**ACTIVITY:** Beginning at the top of the entries below, retype each line exactly until the line containing "Our objective for" has been written out; include no pictures and no later lines.

**ENTRIES SHOWN:**
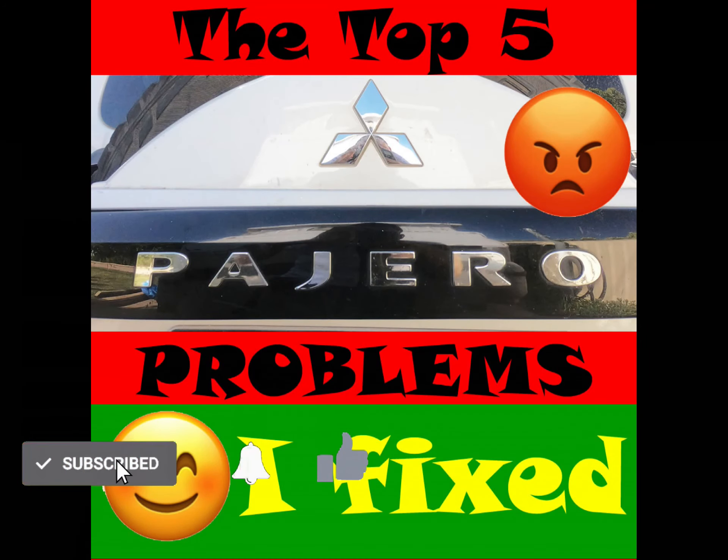Welcome back to The Muse and Greg. In the main, the Mitsubishi Pajero is a great vehicle. I've owned this 2012 Platinum model since the end of 2019, and since we've owned it, it's taken us and our caravan on a 12-plus month road trip around Australia.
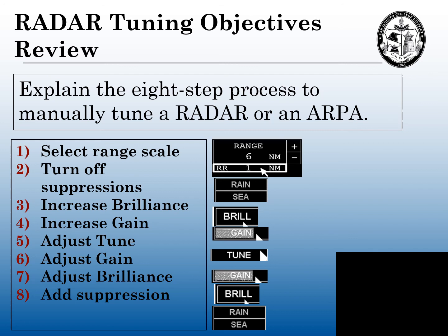Our objective for this radar tuning: in this video, we explained the eight-step process to manually tune the radar. The eight steps are: select the proper range scale, turn off your suppressions, increase your brilliance, increase the gain, adjust your tuning bar, readjust your gain to a light speckle, readjust your brilliance, and add any suppressions for the prevailing conditions that you need to put onto the radar.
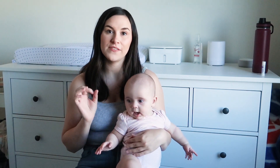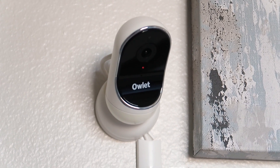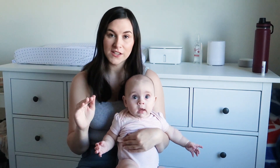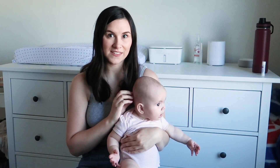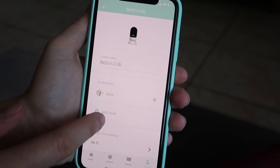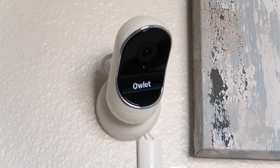Another con is that the camera has a status light. It is really bright and it changes color when you access the app to monitor your baby. We often found she would be staring at the light and it would distract her and keep her awake. You can go in the app and turn that feature off, which we did. I don't really see the need for that status light because the baby doesn't need to know if you're watching.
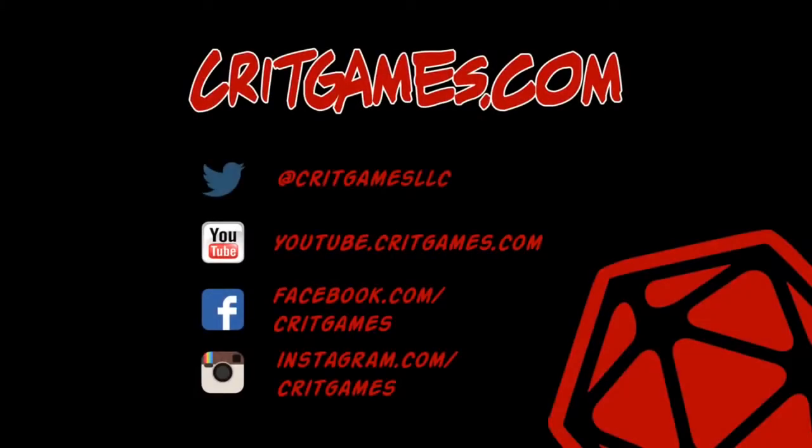If you like these types of videos, like or subscribe on YouTube. Follow us at CritGames LLC on Twitter, or find us on Instagram at instagram.com/critgames. And as always, game on!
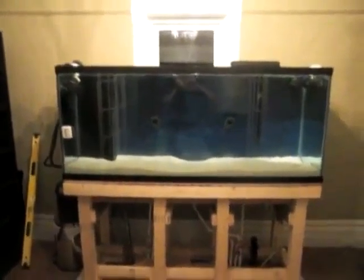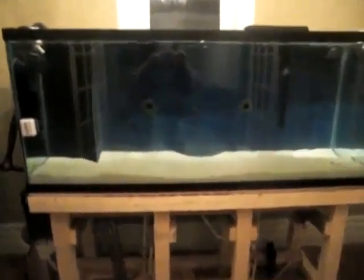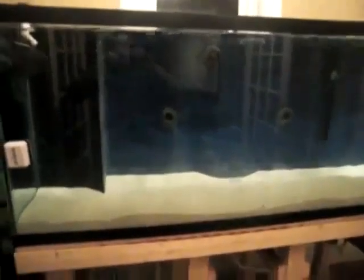Hi, this is my 220 going-to-be reef tank. I just got it set up, got my sand all put in, all the live sand. This is my first reef tank I've put together. I got all my sand and stuff from Alka Valley in Ottawa.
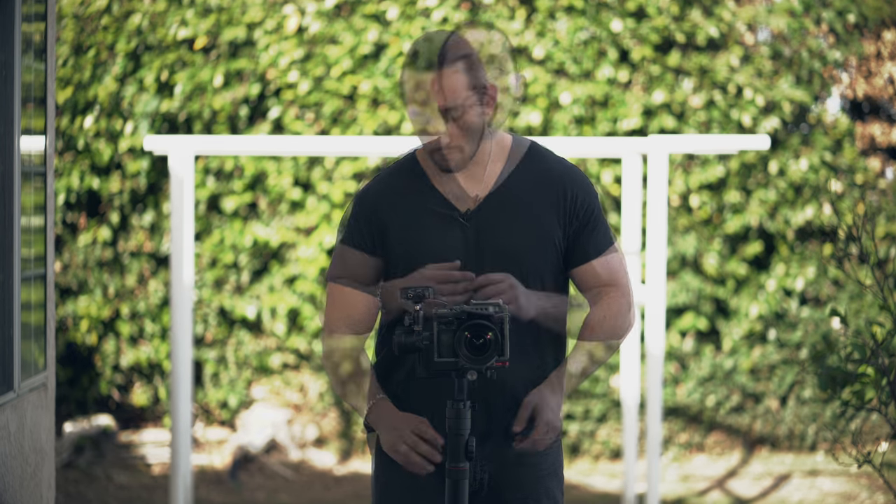Now we can turn on the Crane 2. For those wondering, I'm using the high motor strength setting. For many of you, you'll get away with the medium strength setting, but because I have a microphone on the off side of the gimbal and I'm using a cage and a pretty heavy lens, I want to make sure I have more than enough power. I keep it on the high strength setting just for safety in case I make some camera moves that might make the gimbal jitter.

**WORKED SOLUTION:**
Welcome back to The Muse and Greg. In the main, the Mitsubishi Pajero is a great vehicle. I've owned this 2012 Platinum model since the end of 2019, and since we've owned it, it's taken us and our caravan on a 12-plus month road trip around Australia.
Our objective for this radar tuning: in this video, we explained the eight-step process to manually tune the radar. The eight steps are: select the proper range scale, turn off your suppressions, increase your brilliance, increase the gain, adjust your tuning bar, readjust your gain to a light speckle, readjust your brilliance, and add any suppressions for the prevailing conditions that you need to put onto the radar.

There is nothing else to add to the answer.